*Exercise directions*
Carry none of the pictures over; write out the complete data exactly.

Records to process section start

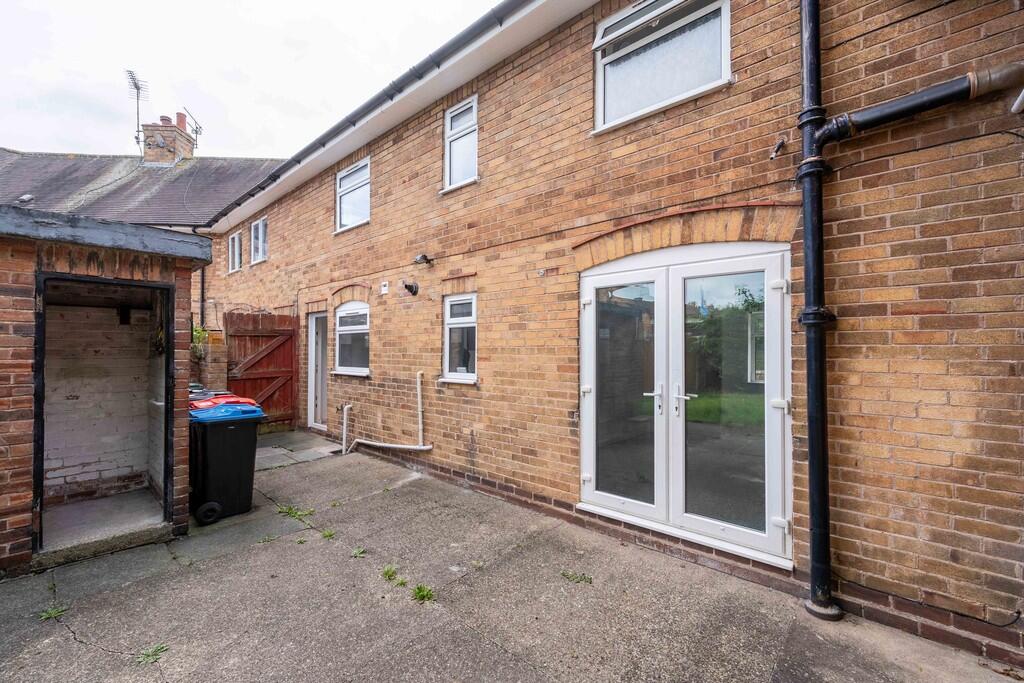 4 Carlisle Road, ...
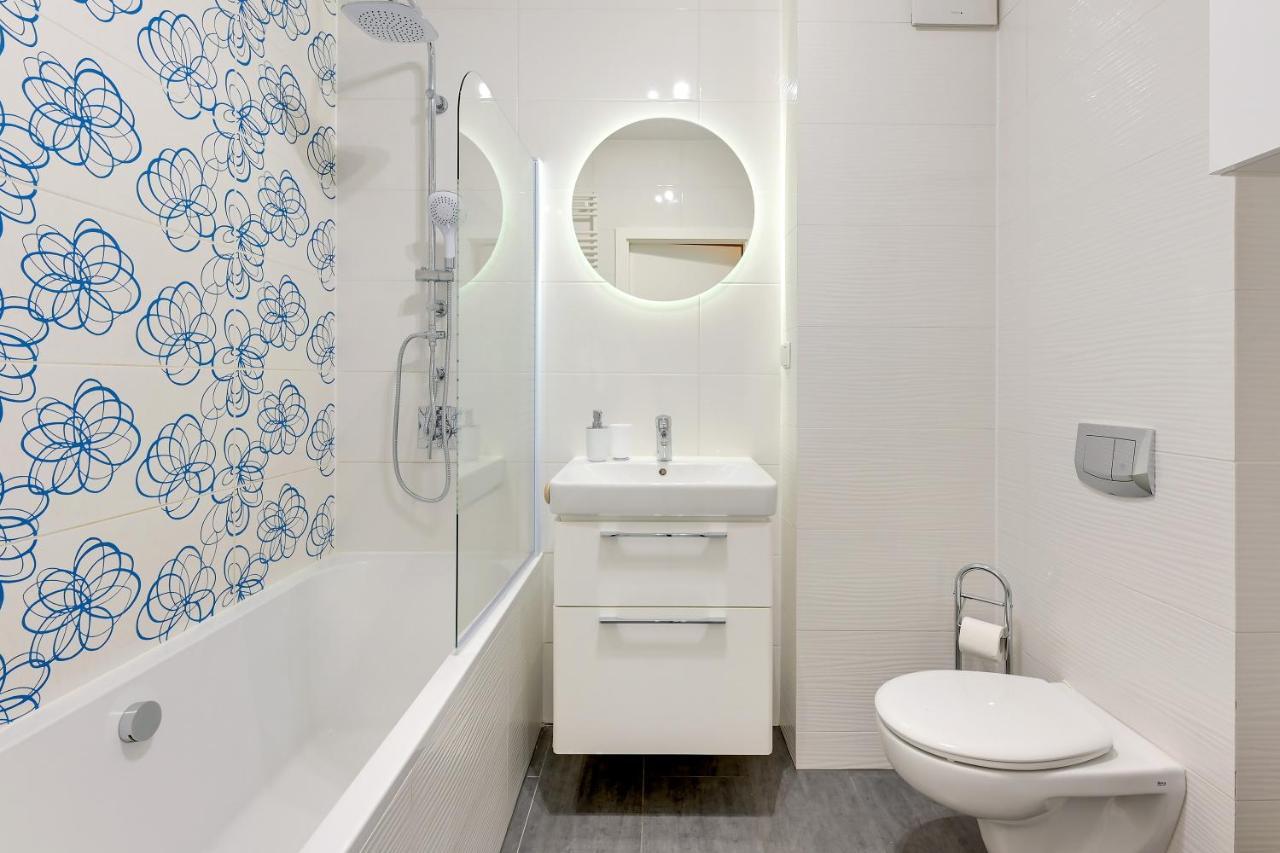 Garnizon & Free Parking By Downtown Apartment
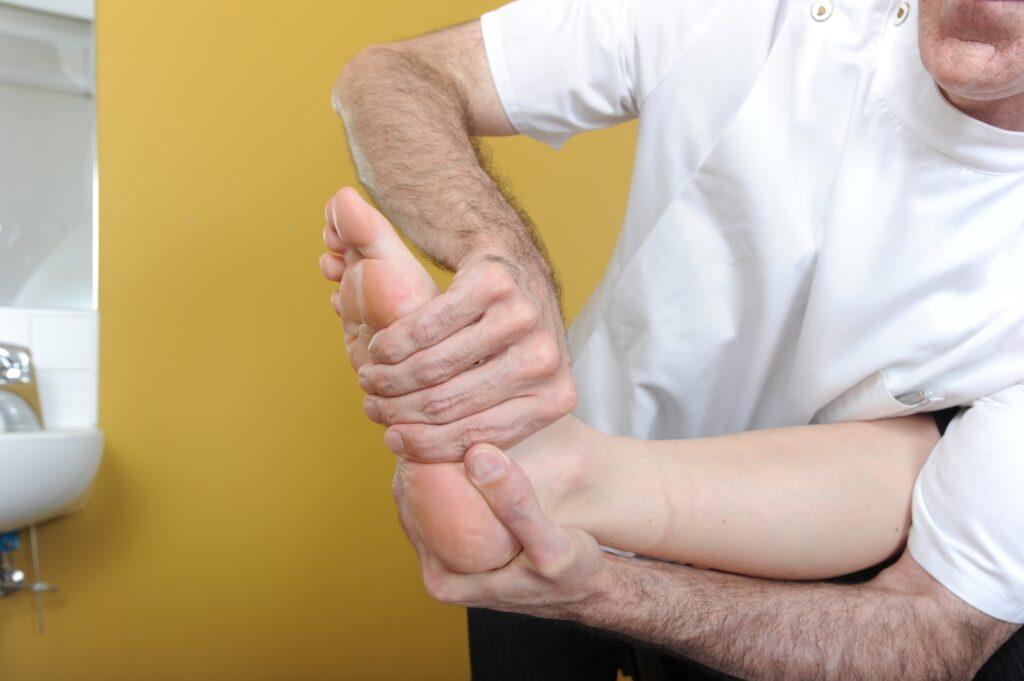 Baks Osteopathy Maidstone foot articulation pic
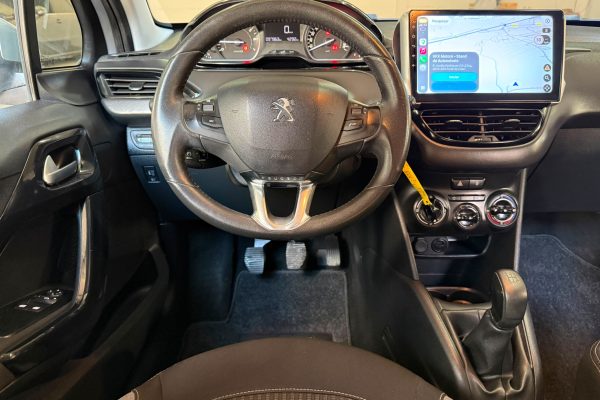 Peugeot 208 00-QV-90-28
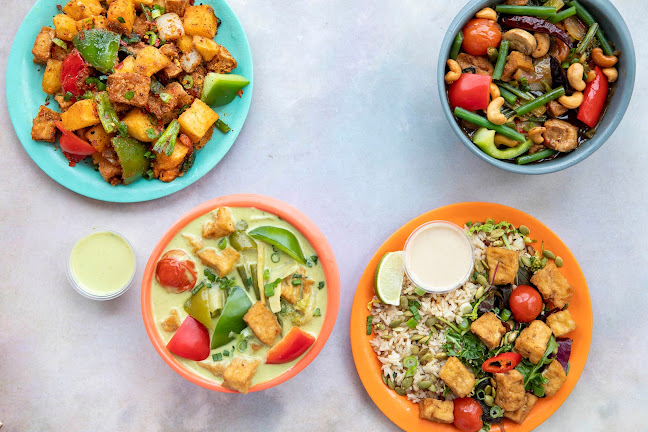 Camile Navan - Hospitality and gastronomy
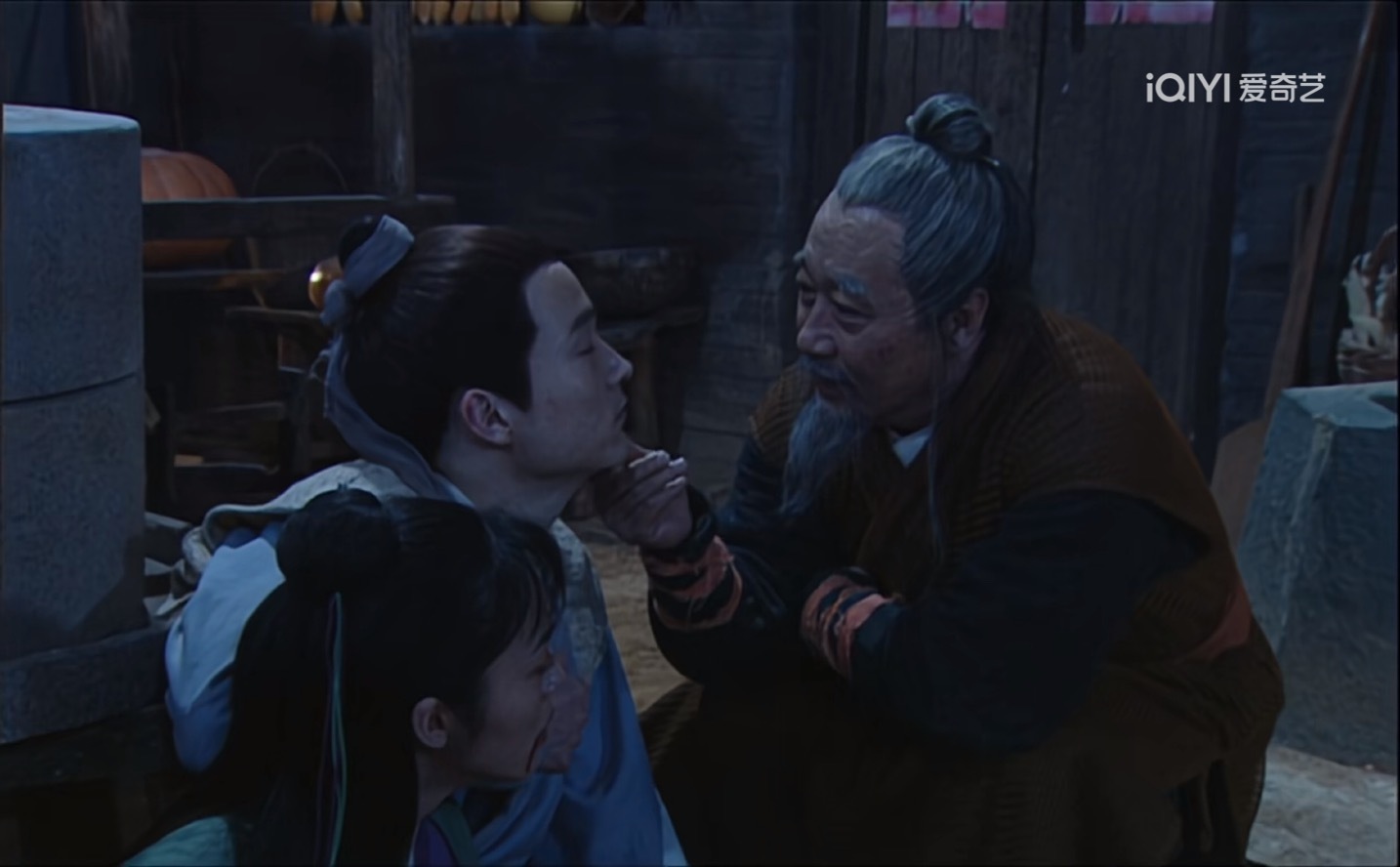 《我为湘玉存大钱》第143集姬无命和姬无病的师傅公孙乌龙来了，公孙乌龙是个高手，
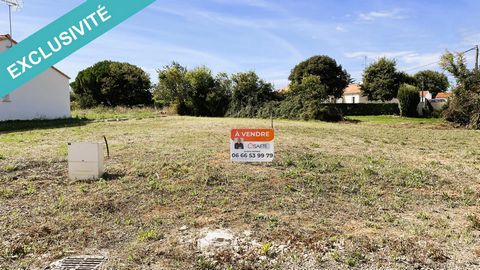 Jérôme DEPREZ - SAFTI vous propose ce terrain Constructible de 532 m² à Les Magnils-Reigniers Caractéristiques : Superficie : 532 m² Emplacement : Lotissement calme et bien situé Environnement : Cadre verdoyant en campagne. Proximité : Écoles, commer...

Records to process section end

*Answer to the exercise*
 4 Carlisle Road, ...
 Garnizon & Free Parking By Downtown Apartment
 Baks Osteopathy Maidstone foot articulation pic
 Peugeot 208 00-QV-90-28
 Camile Navan - Hospitality and gastronomy
 《我为湘玉存大钱》第143集姬无命和姬无病的师傅公孙乌龙来了，公孙乌龙是个高手，
 Jérôme DEPREZ - SAFTI vous propose ce terrain Constructible de 532 m² à Les Magnils-Reigniers Caractéristiques : Superficie : 532 m² Emplacement : Lotissement calme et bien situé Environnement : Cadre verdoyant en campagne. Proximité : Écoles, commer...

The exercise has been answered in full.